On Thursday, Waylon Bates, the principal of Parkway High School in Louisiana, announced in a letter that student athletes would be prohibited from kneeling during the national anthem. These athletes, Bates wrote, must “stand in a respectful manner” throughout the anthem or risk “loss of playing time” and “removal from the team.” But “taking a knee” is a form of protest against institutional racism and police brutality. Can public schools like Parkway constitutionally bar students from political expression in this manner?
No. Absolutely not. It’s not even close. Indeed, Bates’ decree is almost comically unconstitutional.
This issue was settled in 1943’s West Virginia State Board of Education v. Barnette, when the Supreme Court ruled that public schools cannot compel Jehovah’s Witnesses to salute the flag during the pledge of allegiance. In his iconic opinion, Justice Robert H. Jackson explained that “symbolism is a primitive but effective way of communicating ideas” that deserves robust First Amendment protection. He then dismissed the notion that public schools may force students to express symbolic patriotism—in an admonition that Bates would do well to heed:
To believe that patriotism will not flourish if patriotic ceremonies are voluntary and spontaneous instead of a compulsory routine is to make an unflattering estimate of the appeal of our institutions to free minds. … [F]reedom to differ is not limited to things that do not matter much.
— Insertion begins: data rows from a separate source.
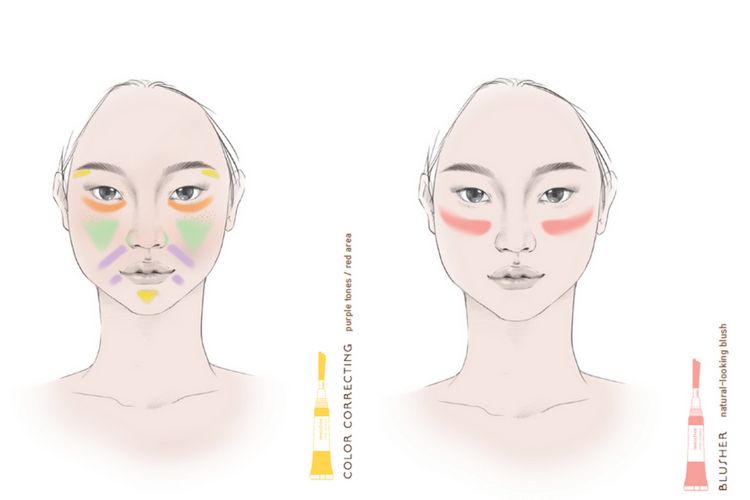 Smart Drawing, Koleksi Makeup Praktis dari innisfree yang Mudah Digunakan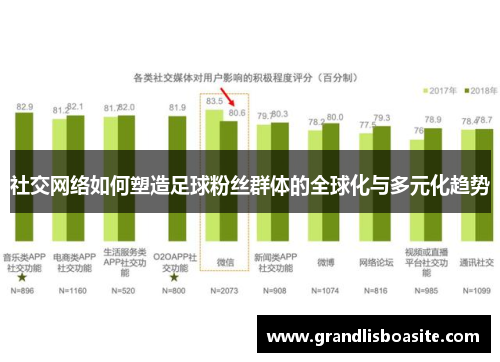 社交网络如何塑造足球粉丝群体的全球化与多元化趋势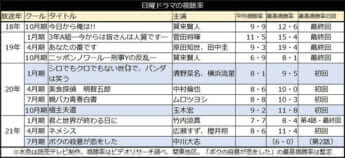 日曜ドラマの視聴率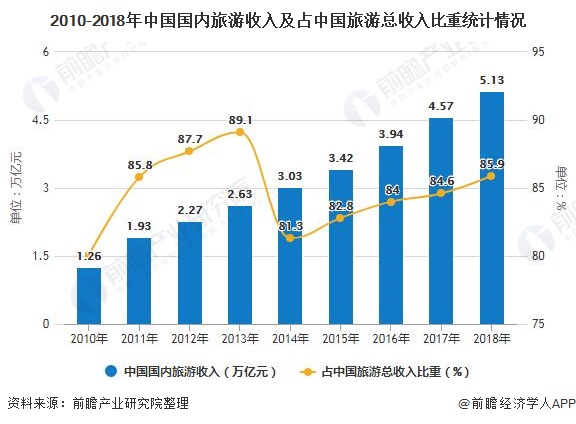 广东省旅游市场现状分析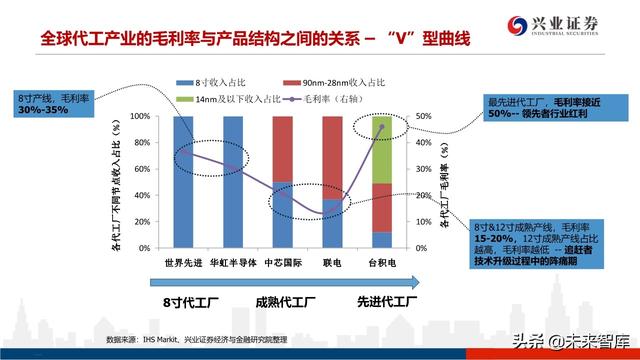 深度分析晶圆代工格局及中芯国际对国产设备、材料的空间提升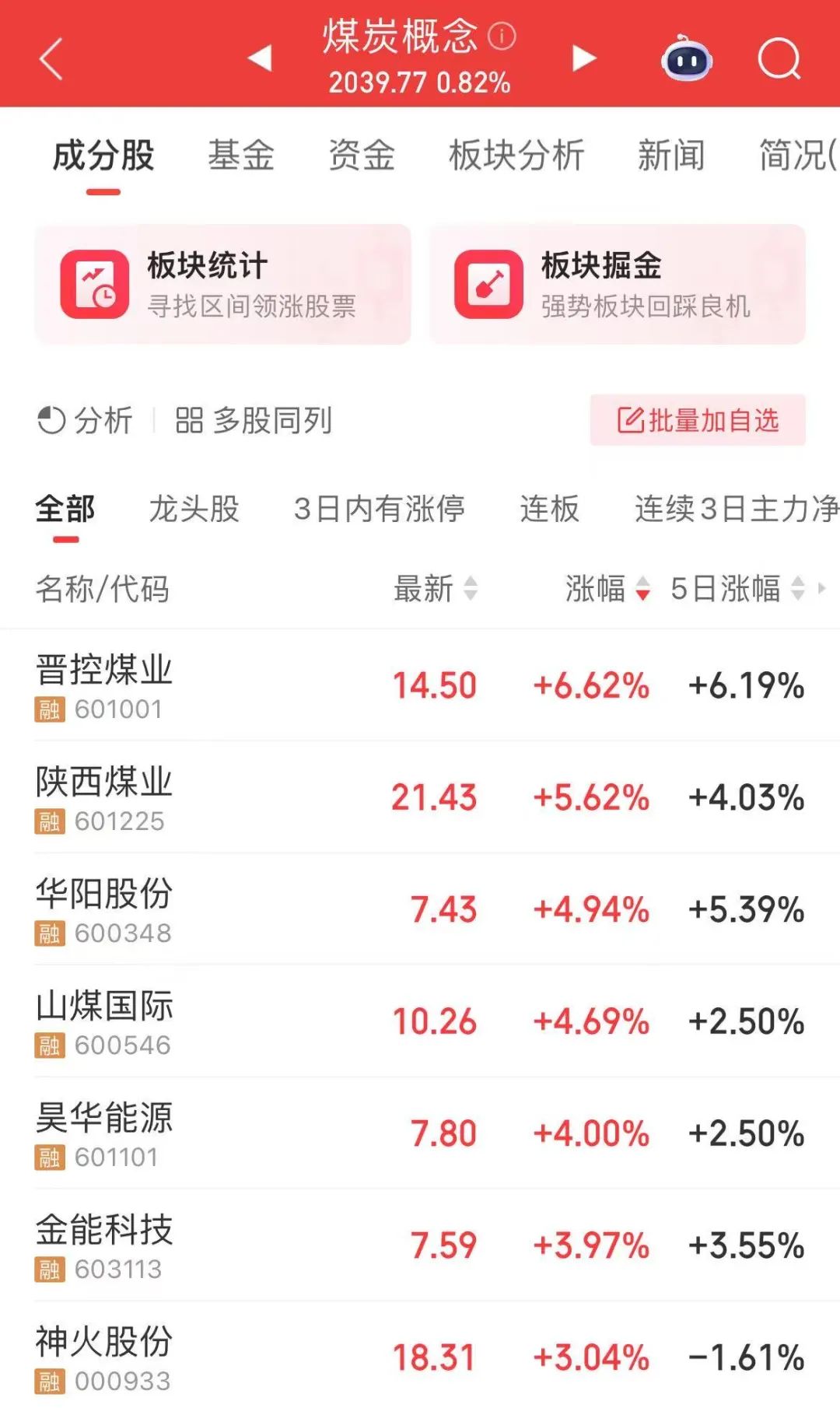 601288，A股“第一名”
That would be a mere shadow of freedom. The test of its substance is the right to differ as to things that touch the heart of the existing order.
In perhaps the most famous passage in all First Amendment jurisprudence, Jackson also laid down the core free speech principle, one that applies equally to Jehovah’s Witnesses during World War II and Parkway students today:
If there is any fixed star in our constitutional constellation, it is that no official, high or petty, can prescribe what shall be orthodox in politics, nationalism, religion, or other matters of opinion or force citizens to confess by word or act their faith therein. If there are any circumstances which permit an exception, they do not now occur to us.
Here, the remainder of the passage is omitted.